Database Schema
Chantal uses SQLAlchemy ORM with support for PostgreSQL and SQLite.
Overview
The database stores:
Content item metadata (packages of any type)
Repository metadata/installer files
Repository state
Snapshots
Views (virtual repositories) and view snapshots
Sync history
All models are defined in src/chantal/db/models.py.
Design: Generic Content Items
Chantal does not have a type-specific Package model. Instead, all package
types (RPM, Helm, PyPI, APT/DEB, Alpine APK, etc.) are stored in a single generic
ContentItem model. Type-specific attributes are kept in a JSON column
(content_metadata) rather than as dedicated columns. This keeps the schema
stable when new content types are added: a new plugin only needs to agree on the
JSON layout for its content_type.
For RPM, attributes like epoch, release and arch live inside
content_metadata and are exposed through read-only @property accessors on the
model (including a derived nevra string).
Core Models
ContentItem
Generic, content-addressed model for all package types (table content_items).
class ContentItem(Base):
id: int # Primary key (auto-increment)
content_type: str # 'rpm', 'helm', 'pypi', 'apt', 'apk', ... (indexed)
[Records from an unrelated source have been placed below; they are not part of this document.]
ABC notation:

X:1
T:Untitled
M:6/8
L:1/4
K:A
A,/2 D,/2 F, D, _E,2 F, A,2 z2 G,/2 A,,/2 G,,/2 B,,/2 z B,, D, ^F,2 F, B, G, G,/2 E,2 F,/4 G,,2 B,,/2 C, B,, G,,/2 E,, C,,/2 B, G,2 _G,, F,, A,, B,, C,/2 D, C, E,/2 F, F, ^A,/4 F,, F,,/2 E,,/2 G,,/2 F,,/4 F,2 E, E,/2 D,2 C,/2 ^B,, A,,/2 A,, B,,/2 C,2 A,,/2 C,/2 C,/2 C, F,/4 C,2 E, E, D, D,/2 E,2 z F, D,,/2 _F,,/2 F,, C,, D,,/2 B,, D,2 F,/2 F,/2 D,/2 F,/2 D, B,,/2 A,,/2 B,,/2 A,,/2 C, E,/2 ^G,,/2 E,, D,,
name: str # Package name (e.g., "nginx"), indexed
version: str # Version, indexed
sha256: str # Content address - UNIQUE, indexed (NOT the PK)
size_bytes: int # File size in bytes
pool_path: str # Relative path in pool (e.g., "content/ab/cd/<sha>_file.rpm")
filename: str # Original filename
content_metadata: dict # JSON; type-specific fields (NOT called 'metadata'
# because that name is reserved by SQLAlchemy)
created_at: datetime
reference_count: int # For garbage collection
# Relationships (many-to-many)
repositories: list[Repository] # via repository_content_items
snapshots: list[Snapshot] # via snapshot_content_items
Key features:
Integer
idis the primary key;sha256is a separate unique indexed column.Deduplication is enforced by the unique
sha256constraint.Composite indexes:
(content_type, name)and(content_type, name, version).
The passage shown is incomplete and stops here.